Вечером, ровно в семь часов, мы уже разворачивали операцию на Пушкинской площади. Служебные «чайки» и «волги» без опознавательных знаков парковались цепочкой, формируя импровизированный периметр. Трое проверенных оперативников переоделись в студенческие куртки и смешались с толпой. Миша Мишин, наш юный прапорщик-приманка, стоял у газетного киоска под яркой вывеской «Роман-газета», делая вид, что ищет последний номер о приключениях капитана дальнего плавания. Он был бледен, как мел, но держался достойно.
Медведев, спрятавшись в будке оператора уличной рекламы, тихим голосом шептал в микрофон время: ему нужны были минуты, чтобы свериться с внутренним часовым механизмом. Я же стоял в гулкой арке напротив, держа руку на кобуре и наблюдая за каждым, кто приближался к киоску со стороны Тверской.
Резко из ворот дома страховых касс вышел мужчина в тёмном пальто. Ходил он чуть пружинисто, словно каждую ступень проверял на упругость. Лицо скрывала тканевая маска, будто пропитанная ртутью, она мерцала под фонарём едва заметным переливом. Он остановился, повернулся к Мишину, и я почувствовал, как сердце плюхнулось в каблуки: силуэт был точь-в-точь мой, только поза чужая — со слишком прямой спиной, как у театрального дублёра.
Киоскёрша подала покупателю журнал. В этот же миг ветер сорвал со стола несколько листовок, и мужчина лёгким жестом собрал их одной рукой, второй потянулся к внутреннему карману. Я увидел вспышку клинка.
«Всем постам! Работаем!», — прорычал я в рацию и выскочил из арки.
Края площади вспыхнули резким белым светом — прожектора били с крыши кинотеатра «Россия», где мы заранее установили переносную технику. Свет ослепил не только убийцу, но и толпу: десятки лиц разом обернулись, глаза превратились в бликующие пуговицы.
Мужчина дёрнулся, попытался уйти в тень, но я уже был рядом, пистолет упирался в его плечо. Он медленно поднял руки. Маска вспыхнула серебром, с неё стекала неизвестная жидкость, и я увидел… своё лицо, но высохшее, как кожаная перчатка, набитая ватой. Зрачки, словно пустые плёнки старой киноленты, отражали только яркий луч прожектора.
«Сними это!», — крикнул я, но губы «двойника» сомкнулись в ухмылке. Тогда один из наших оперативников дёрнул ложную кожу, и маска отвалилась с влажным чмоканьем, открывая под ней гладкую, будто отполированную поверхность без черт — просто бледный манекен, где рот и нос обозначены тонкими надрезами.

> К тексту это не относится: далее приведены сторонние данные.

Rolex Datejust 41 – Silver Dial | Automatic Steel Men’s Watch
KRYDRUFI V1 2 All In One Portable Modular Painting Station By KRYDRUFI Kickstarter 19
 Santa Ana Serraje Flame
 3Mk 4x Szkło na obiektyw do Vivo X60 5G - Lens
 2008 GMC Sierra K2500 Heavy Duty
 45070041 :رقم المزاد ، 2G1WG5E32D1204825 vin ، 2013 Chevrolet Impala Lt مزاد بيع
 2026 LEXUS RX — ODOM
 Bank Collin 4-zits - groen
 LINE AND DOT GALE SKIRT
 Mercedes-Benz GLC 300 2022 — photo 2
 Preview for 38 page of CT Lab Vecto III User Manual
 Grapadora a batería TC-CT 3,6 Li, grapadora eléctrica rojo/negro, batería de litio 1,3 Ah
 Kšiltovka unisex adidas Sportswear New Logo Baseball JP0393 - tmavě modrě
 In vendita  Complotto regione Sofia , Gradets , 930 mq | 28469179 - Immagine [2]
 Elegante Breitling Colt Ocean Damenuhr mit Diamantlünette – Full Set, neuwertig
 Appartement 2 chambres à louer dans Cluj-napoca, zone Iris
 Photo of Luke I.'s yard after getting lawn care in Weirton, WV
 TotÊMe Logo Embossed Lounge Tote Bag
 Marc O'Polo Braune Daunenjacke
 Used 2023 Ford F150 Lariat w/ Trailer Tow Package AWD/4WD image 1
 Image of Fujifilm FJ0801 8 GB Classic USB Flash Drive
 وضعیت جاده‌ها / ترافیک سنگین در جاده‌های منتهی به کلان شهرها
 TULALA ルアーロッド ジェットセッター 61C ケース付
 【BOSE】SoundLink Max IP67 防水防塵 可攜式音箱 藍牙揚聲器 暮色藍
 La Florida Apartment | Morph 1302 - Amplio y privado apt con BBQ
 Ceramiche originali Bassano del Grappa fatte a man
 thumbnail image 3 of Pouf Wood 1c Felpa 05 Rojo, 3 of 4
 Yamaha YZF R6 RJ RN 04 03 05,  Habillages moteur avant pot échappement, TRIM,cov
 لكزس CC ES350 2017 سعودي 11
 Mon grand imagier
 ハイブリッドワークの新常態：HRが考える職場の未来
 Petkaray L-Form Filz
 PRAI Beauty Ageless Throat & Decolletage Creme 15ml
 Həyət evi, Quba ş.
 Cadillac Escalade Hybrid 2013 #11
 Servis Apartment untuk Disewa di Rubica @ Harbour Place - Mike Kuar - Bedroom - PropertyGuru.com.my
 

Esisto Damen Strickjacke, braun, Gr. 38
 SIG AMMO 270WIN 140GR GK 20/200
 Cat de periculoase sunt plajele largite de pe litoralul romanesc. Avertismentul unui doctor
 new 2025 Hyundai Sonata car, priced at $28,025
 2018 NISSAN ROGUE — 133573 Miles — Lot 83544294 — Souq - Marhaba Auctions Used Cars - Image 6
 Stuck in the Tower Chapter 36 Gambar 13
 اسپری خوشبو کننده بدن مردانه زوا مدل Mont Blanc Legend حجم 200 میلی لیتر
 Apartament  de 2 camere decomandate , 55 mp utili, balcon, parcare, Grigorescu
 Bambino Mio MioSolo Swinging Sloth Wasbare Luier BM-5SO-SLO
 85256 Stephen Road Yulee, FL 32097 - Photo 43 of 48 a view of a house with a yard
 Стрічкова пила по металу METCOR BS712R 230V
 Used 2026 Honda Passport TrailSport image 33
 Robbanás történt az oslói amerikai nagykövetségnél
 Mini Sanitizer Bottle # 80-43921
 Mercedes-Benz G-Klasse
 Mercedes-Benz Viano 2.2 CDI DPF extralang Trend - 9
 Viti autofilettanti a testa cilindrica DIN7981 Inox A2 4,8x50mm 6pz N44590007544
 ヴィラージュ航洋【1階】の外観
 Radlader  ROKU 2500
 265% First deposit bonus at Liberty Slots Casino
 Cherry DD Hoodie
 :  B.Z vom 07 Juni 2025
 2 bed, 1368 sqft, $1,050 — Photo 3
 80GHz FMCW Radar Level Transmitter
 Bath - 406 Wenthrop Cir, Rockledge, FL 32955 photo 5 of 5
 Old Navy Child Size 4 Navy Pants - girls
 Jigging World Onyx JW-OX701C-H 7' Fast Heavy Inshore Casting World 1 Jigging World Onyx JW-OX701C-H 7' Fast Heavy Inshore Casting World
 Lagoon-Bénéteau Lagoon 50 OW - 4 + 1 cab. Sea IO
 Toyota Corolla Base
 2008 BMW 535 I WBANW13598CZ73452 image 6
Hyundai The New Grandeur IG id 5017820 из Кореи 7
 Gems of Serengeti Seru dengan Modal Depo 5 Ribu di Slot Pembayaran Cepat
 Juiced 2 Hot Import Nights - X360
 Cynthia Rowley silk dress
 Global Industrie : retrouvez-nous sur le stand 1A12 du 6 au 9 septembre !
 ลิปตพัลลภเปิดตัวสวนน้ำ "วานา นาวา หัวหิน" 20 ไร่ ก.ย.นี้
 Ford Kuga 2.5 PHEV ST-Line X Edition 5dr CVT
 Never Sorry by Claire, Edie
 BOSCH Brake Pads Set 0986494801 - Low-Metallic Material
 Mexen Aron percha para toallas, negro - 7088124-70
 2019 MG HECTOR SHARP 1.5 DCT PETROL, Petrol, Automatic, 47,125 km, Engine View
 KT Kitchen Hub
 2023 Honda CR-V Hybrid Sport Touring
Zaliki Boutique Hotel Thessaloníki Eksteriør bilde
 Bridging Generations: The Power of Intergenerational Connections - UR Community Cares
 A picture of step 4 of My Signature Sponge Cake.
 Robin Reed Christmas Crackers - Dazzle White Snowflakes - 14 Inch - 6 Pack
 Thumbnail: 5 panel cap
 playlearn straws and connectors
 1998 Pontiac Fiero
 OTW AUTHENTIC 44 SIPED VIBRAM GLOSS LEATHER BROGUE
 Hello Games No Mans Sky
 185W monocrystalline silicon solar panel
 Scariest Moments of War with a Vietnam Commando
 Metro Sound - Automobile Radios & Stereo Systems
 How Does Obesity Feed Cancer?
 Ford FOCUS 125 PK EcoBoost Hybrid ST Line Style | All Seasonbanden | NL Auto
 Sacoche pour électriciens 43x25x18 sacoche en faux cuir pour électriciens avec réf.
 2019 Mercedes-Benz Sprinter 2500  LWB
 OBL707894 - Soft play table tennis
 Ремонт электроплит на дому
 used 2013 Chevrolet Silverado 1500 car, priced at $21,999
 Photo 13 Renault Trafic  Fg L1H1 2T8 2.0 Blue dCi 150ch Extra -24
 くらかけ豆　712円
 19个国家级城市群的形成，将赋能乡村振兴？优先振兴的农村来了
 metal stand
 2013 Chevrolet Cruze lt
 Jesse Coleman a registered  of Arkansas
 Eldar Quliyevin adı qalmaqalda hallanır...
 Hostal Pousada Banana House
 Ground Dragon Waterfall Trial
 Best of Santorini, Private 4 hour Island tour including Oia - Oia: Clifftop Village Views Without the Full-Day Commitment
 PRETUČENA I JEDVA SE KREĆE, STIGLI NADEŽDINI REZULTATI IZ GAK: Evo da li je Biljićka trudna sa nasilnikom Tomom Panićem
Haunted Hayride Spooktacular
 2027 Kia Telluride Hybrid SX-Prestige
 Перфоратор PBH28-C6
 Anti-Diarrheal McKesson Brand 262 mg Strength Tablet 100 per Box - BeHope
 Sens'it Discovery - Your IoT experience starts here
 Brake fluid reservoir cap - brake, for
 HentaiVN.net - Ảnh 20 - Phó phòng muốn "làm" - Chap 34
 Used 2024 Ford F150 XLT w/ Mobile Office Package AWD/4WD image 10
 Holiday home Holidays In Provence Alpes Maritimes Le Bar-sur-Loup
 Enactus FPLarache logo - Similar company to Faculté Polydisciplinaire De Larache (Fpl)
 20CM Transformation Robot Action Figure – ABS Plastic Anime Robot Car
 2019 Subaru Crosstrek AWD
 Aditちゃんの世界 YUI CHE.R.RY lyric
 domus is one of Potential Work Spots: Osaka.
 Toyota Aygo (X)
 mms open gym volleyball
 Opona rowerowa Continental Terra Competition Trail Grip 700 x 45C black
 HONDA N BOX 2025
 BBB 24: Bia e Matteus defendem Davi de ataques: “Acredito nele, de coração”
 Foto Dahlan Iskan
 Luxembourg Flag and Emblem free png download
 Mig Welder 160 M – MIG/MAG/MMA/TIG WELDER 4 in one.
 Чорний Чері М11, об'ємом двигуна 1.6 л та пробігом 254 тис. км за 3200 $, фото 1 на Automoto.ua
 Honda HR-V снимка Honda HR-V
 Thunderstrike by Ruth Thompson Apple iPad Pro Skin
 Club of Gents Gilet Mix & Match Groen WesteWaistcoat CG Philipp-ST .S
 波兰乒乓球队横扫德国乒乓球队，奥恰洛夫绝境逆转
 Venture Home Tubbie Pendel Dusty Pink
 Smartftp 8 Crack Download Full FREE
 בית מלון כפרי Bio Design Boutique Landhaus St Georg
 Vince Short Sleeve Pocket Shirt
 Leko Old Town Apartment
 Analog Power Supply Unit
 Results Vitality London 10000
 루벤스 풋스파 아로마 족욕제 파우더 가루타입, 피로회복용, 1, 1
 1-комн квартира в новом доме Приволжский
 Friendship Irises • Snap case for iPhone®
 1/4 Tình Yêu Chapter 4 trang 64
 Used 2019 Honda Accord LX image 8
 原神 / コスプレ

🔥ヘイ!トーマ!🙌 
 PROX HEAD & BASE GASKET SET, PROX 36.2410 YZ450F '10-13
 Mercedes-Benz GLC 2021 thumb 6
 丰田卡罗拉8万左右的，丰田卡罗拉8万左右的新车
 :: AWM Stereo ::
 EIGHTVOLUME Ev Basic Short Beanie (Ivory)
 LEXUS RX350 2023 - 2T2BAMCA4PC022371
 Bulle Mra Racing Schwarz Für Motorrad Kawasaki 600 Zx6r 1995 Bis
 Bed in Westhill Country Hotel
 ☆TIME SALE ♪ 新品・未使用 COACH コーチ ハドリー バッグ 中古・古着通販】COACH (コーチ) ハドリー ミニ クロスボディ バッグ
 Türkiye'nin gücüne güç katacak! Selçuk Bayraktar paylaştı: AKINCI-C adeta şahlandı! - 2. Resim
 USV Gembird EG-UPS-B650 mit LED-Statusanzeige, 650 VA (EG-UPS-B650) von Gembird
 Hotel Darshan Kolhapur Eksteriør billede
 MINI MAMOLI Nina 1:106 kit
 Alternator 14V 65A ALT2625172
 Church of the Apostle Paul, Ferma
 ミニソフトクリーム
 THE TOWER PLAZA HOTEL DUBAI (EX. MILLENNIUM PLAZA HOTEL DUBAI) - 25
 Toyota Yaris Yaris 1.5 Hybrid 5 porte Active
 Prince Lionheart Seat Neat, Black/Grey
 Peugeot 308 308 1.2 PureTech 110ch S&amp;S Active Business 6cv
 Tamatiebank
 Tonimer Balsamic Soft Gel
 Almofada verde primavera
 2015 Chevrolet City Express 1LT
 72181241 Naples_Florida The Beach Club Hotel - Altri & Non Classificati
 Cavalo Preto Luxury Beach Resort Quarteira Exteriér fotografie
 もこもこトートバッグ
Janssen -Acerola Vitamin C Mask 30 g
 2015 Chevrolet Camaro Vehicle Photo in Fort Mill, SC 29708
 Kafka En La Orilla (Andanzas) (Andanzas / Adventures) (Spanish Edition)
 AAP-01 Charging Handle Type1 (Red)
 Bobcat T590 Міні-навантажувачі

Толпа ахнула, и этот ах превратил площадь в гигантскую аудиторию хорра. С манекена капала чёрная жидкость, смешиваясь со снежной пылью.
В этот момент за спиной завизжали тормоза: чёрная «волга» без номеров врезалась в бордюр. Из салона вывалились двое людей в пальто защитного цвета. Они двигались слаженно, как тренированные санитары. Один вколол манекену шприц в шею, второй шепнул мне прямо в ухо:
«Особый отдел. Объект под нашу юрисдикцию».
Я хотел возразить, но тут же ощутил прикосновение ствола к позвоночнику. Прямо на глазах сотни свидетелей «санитары» затолкали безликого в машину и исчезли, забрав с собой осколки маски.
Прожектора погасли. На площади зашумело, будто огромное растревоженное стадо. Мишин сидел на тротуаре, прижимая дрожащими руками горло — лезвие лишь царапнуло кожу, но шок затмил боль.
Я стоял в середине этого хоровода паники, ощущая, как медленно оседают искры света. Убийцу забрали неизвестные, но маска оставила после себя жидкий след. Я поднял упавший фрагмент: латексная плёнка, изнутри пропитанная тончайшей медной проводкой. На крошечной бирке — штамп «Мастерская реставрации. Левша».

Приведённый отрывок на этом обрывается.